— STORED DATA —
****

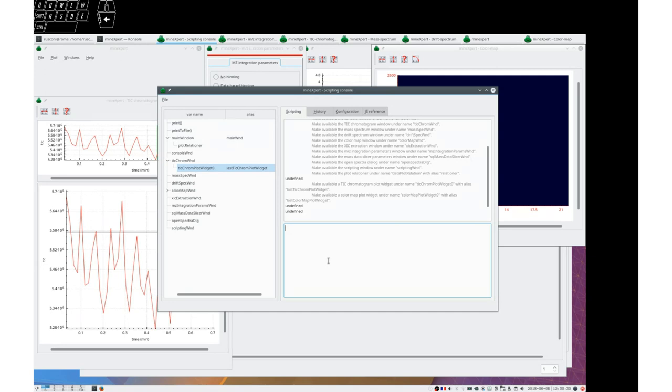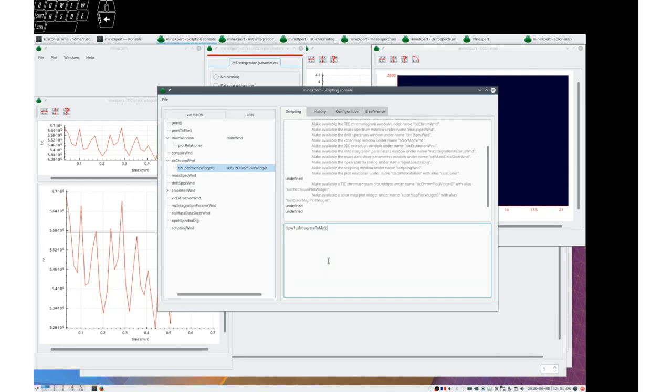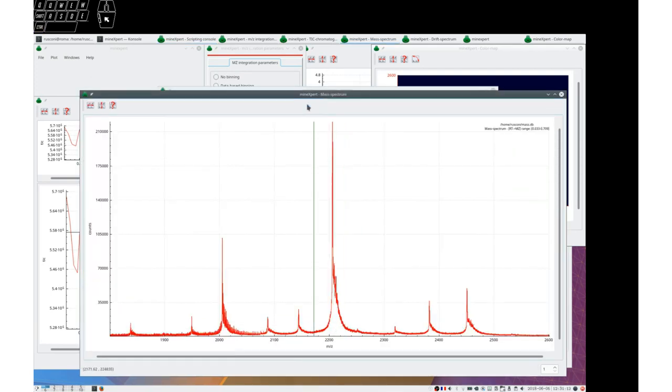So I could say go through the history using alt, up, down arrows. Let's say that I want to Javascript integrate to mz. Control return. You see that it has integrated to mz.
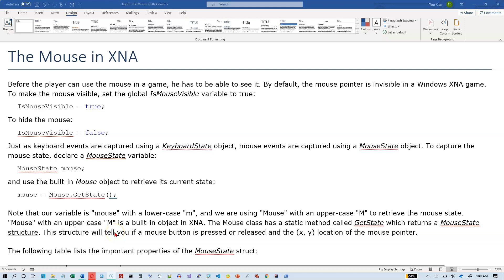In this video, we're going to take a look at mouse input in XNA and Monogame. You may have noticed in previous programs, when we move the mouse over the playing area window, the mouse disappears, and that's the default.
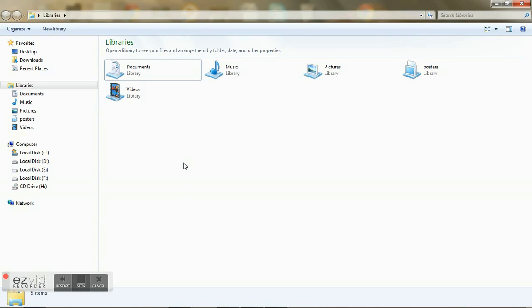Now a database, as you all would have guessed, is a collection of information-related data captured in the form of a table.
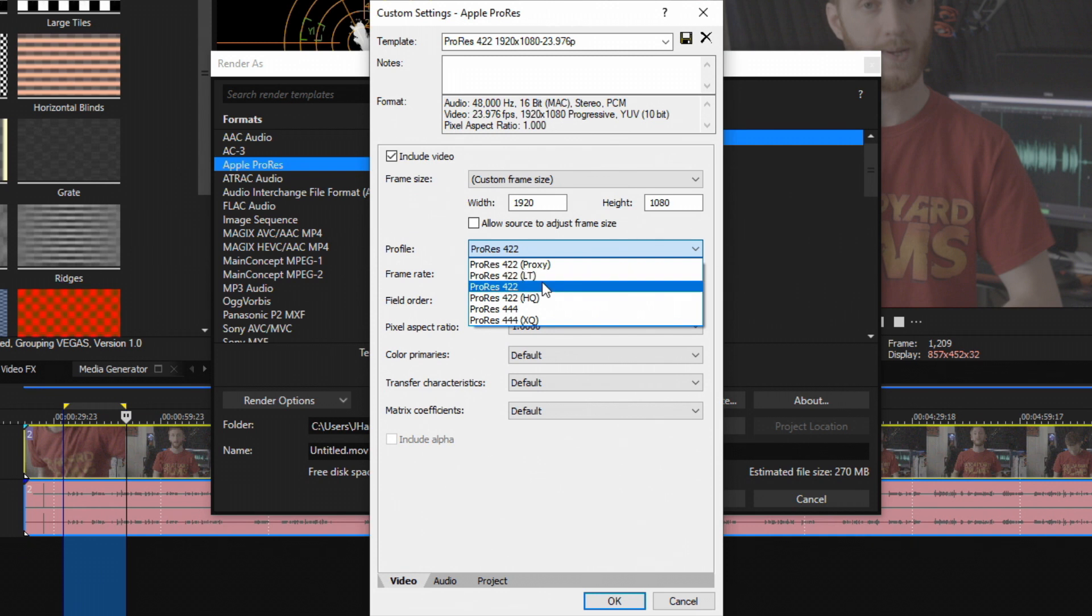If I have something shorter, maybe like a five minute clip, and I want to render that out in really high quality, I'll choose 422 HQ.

****

The answer must be the full listing above, copied exactly, with no pictures in it.

— TASK SOLUTION —
So I could say go through the history using alt, up, down arrows. Let's say that I want to Javascript integrate to mz. Control return. You see that it has integrated to mz.
In this video, we're going to take a look at mouse input in XNA and Monogame. You may have noticed in previous programs, when we move the mouse over the playing area window, the mouse disappears, and that's the default.
Now a database, as you all would have guessed, is a collection of information-related data captured in the form of a table.
If I have something shorter, maybe like a five minute clip, and I want to render that out in really high quality, I'll choose 422 HQ.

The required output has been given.